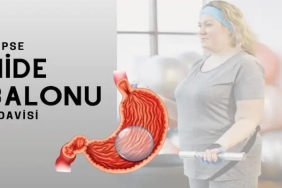 Mide Balonu Fiyatları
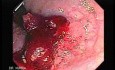Endoscopic Resection of Giant Tubulo-Villous of the rectum (8 of 35)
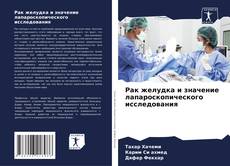 Buchcover von Рак желудка и значение лапароскопического исследования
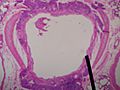 Bronchi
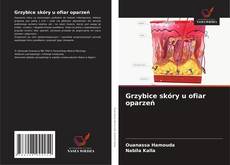 Couverture de Grzybice skóry u ofiar oparzeń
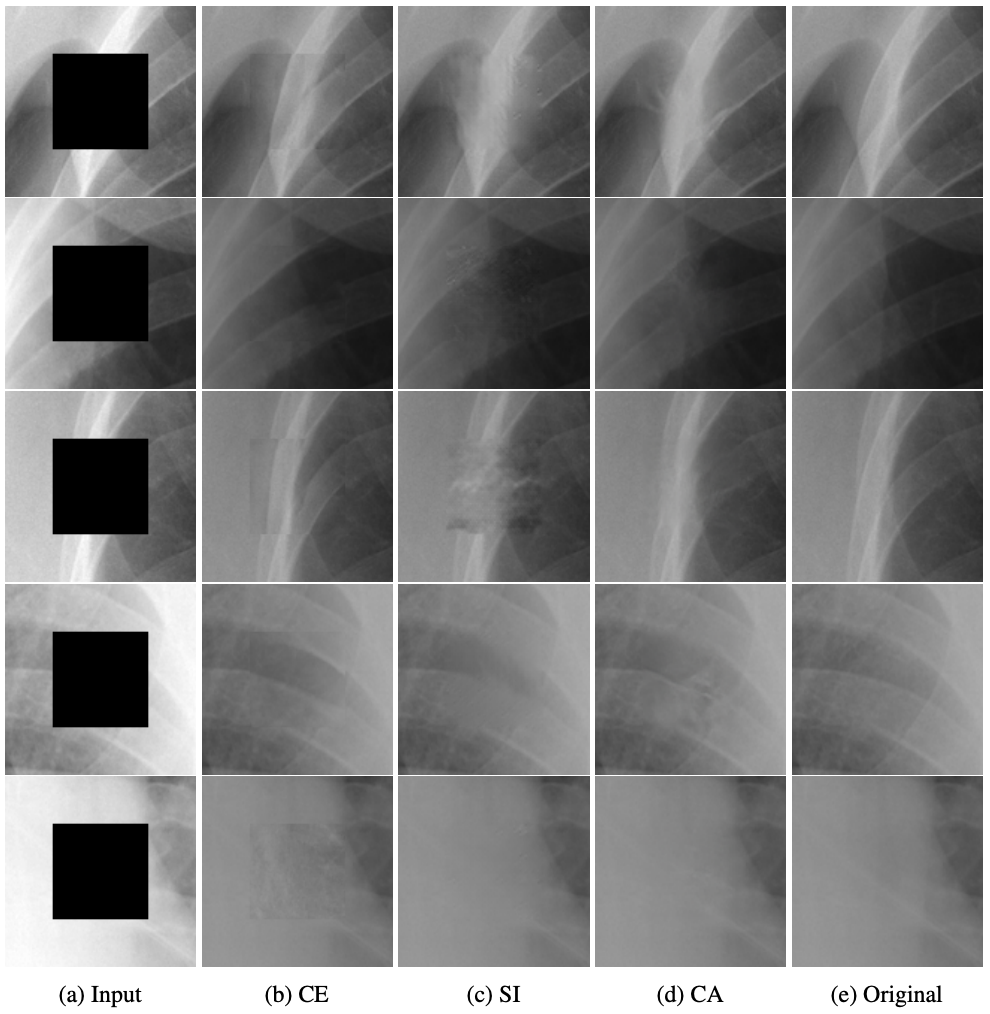 Chest X-ray Inpainting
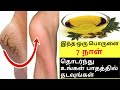 Patha vedippu tips in tamil / cracked heels remedy / how to treat cracked heels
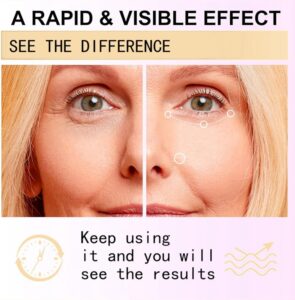 خرید Eye Cream, Anti Wrinkle Eye Cream, Eye Repair از آمازون امارات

(Task): Any picture in the material is to be dropped; the rest is repeated exactly.

(Result of this task):
 Mide Balonu Fiyatları
Endoscopic Resection of Giant Tubulo-Villous of the rectum (8 of 35)
 Buchcover von Рак желудка и значение лапароскопического исследования
 Bronchi
 Couverture de Grzybice skóry u ofiar oparzeń
 Chest X-ray Inpainting
 Patha vedippu tips in tamil / cracked heels remedy / how to treat cracked heels
 خرید Eye Cream, Anti Wrinkle Eye Cream, Eye Repair از آمازون امارات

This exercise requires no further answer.